Leur réticence à se séparer de leur mari ou
de leur partenaire et de leurs enfants explique en partie pourquoi
elles sont peu nombreuses dans les missions de maintien de la paix,
car " les femmes ont tendance à être plus affectées
que les hommes par cette séparation ", a-t-elle poursuivi.
Mme Lee, dont le mari est également agent de la paix de l'ONU,
a reconnu que travailler dans ces missions pouvait fragiliser les
relations. " Ce genre de vie ne convient pas à tout
le monde, à tous les mariages, parce que c'est vraiment difficile.
"
Comfort Lamptey, conseillère au DOMP sur la parité
des sexes, a dit à la Chronique ONU que son département
reconnaissait que les devoirs des femmes envers leur famille pouvaient
les décourager à faire partie des missions de la paix.
Elle a fait remarquer que le DOMP mettait actuellement au point
plusieurs propositions, y compris " faire des missions des
environnements plus propices aux femmes qui veulent y travailler
y participer ". Depuis l'adoption de la résolution 1325
en 2000, le DOMP a employé des conseillers sur la parité
des sexes à plein temps dans 10 des 17 missions de l'ONU.
Depuis août 2004, Mme Lamptey est chargée de fournir
une orientation et un soutien à ces conseillers.
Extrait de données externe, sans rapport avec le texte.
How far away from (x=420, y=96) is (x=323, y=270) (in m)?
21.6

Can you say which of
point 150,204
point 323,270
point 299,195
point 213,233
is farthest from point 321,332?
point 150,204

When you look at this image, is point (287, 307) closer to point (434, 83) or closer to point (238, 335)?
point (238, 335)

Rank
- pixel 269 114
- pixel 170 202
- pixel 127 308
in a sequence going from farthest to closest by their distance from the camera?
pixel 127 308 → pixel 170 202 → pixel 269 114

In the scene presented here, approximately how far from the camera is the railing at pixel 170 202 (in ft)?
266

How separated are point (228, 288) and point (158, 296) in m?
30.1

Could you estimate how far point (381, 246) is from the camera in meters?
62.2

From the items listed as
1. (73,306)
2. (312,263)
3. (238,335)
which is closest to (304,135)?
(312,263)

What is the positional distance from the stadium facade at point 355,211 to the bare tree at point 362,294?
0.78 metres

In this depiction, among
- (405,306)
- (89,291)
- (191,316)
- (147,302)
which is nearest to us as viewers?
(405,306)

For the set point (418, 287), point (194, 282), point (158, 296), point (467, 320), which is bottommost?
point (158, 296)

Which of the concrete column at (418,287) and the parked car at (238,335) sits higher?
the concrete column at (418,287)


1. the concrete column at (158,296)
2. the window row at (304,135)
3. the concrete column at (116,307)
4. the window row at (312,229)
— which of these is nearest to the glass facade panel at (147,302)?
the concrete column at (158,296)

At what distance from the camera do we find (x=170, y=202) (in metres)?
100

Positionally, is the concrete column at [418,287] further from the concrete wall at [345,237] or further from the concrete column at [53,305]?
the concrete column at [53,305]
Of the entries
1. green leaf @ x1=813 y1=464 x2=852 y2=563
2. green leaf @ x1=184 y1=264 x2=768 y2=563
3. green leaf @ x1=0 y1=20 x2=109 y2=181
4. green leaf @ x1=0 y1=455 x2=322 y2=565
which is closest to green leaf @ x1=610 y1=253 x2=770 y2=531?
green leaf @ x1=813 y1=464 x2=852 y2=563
Ces nominations
illustrent l'engagement du DOMP à prendre en compte les questions
de parité des sexes mais il lui reste néanmoins à
atteindre l'objectif visant à ce que les femmes représentent
50 % du personnel civil. Dans le secteur civil des missions de maintien
de la paix, seulement 30 % du personnel international et 24 % du
personnel recruté à l'échelle nationale sont
des femmes. Toutefois, le pourcentage du personnel en uniforme est
difficile à évaluer car il varie selon le nombre de
personnels proposé par les États Membres mais il est
considérablement inférieur à celui du secteur
civil, a-t-elle indiqué. Le DOMP demande constamment aux
États Membres de déployer un plus grand nombre de
femmes mais " la réalité est que, dans de nombreux
pays, les femmes sont peu nombreuses à travailler dans les
services de la police militaire ou nationale ", a-t-elle expliqué.
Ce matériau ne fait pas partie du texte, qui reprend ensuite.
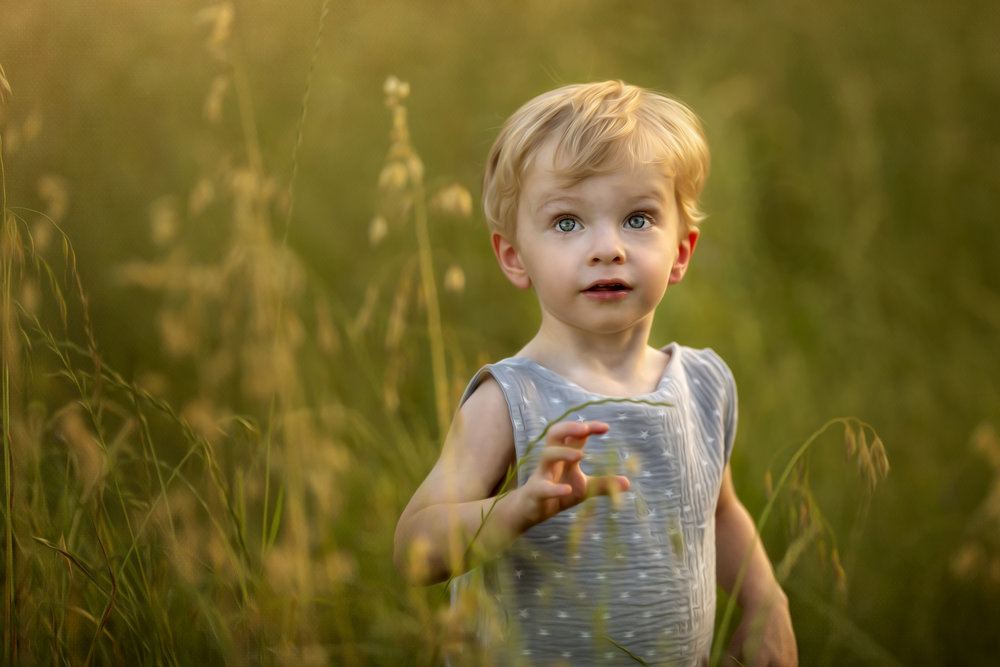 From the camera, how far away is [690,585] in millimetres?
1399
Étant donné la nature transitoire de l'emploi dans
les missions, Mme Lamptey a souligné qu'" il faut continuer
à accroître la sensibilisation [sur les questions de
parité]. Elle est déterminée à s'y employer
dans son nouveau rôle. " Cette question évolue,
mais nous avons encore beaucoup de chemin à parcourir pour
que le personnel dans toutes les fonctions du maintien de la paix
comprenne que la contribution des femmes est essentielle au succès
des missions de maintien de la paix. " Ce succès est
renforcé par la participation des femmes locales à
tous les aspects du processus de paix. " Avec l'expérience
de la guerre, les femmes assument souvent plus de responsabilités
en dehors de leur foyer " et la présence des femmes
agents de la paix peut agir comme " une force d'impulsion contribuant
à réaliser leurs propres aspirations à l'égalité
dans leur société ", a-t-elle ajouté.
Mme Marijanovic-Prolic considère que, même si peu
de femmes sont employées comme agents de la paix, toutes
les femmes ont un rôle à jouer à le processus
de paix. " Tous ces soldats ont une mère, des filles,
une épouse. De tous temps, les femmes ont eu un immense pouvoir
d'influence sur les hommes, positif, mais aussi négatif.
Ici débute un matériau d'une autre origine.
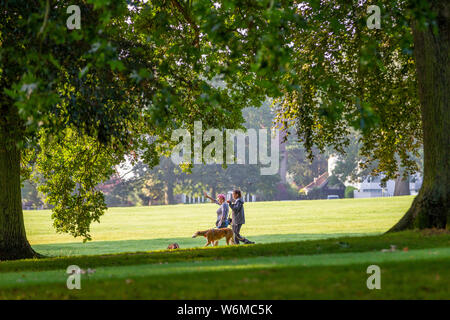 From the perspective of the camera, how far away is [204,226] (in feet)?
155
Nous ne sommes pas des observatrices innocentes de ce qui se passe
dans le monde " et nous devons prendre nos responsabilités
au sein du DOMP et en dehors.
Les femmes
à l'Onu et dans les opérations de maintien de
la paix
1985 La Conférence mondiale chargée
d'examiner et d'évaluer les résultats de la
Décennie des femmes a lieu à Nairobi, au Kenya,
et adopte les Stratégies prospectives d'action de Nairobi
qui examinent les résultats de la Décennie de
l'ONU, en particulier dans le domaine de la paix et de la
sécurité.
1993 La Conférence mondiale sur les
droits de l'homme, qui a eu lieu à Vienne, reconnaît
que la violence à l'égard des femmes pendant
un conflit armé est une violation des droits de l'homme.
1995 La Quatrième Conférence
mondiale sur les femmes s'est tenue à Beijing, en Chine.
La question des femmes dans les conflits armés figure
parmi les 12 domaines critiques abordés par les États
Membres, la communauté internationale et la société
civile.
1997 Création du Bureau du Conseiller
spécial du Secrétaire général
pour la parité des sexes et la promotion de la femme.
Mai 2000 Adoption du " Plan de Namibie " exhortant
le Secrétaire général d'assurer la mise
en uvre efficace du plan d'action. Ce document servira
de base de la résolution 1325 (2000).
Juin 2000 La Conférence " Beijing
+5 ", intitulée Égalité entre les
sexes, développement et paix pour le XXIe siècle,
a lieu au siège de l'ONU à New York. Dans la
Déclaration de Beijing et la plate-forme d'action,
les gouvernements se sont engagés à assurer
la pleine participation des femmes à tous les niveaux
de la prise de décision dans les processus de paix,
de maintien et de consolidation de la paix.
Octobre 2000 Le Conseil de sécurité
adopte la résolution 1325 (2000) qui examine l'impact
de la guerre sur les femmes et souligne l'importance de la
participation des femmes dans tous les aspects des opérations
de maintien de la paix de l'ONU.
Octobre 2002 Le Secrétaire général
soumet un rapport sur Les femmes, la paix et la sécurité
qui souligne l'impact des conflits sur les femmes et les filles
ainsi que leur rôle dans les processus de maintien de
la paix. Le rapport d'évaluation du Fonds de développement
des Nations Unies pour la femme est publié.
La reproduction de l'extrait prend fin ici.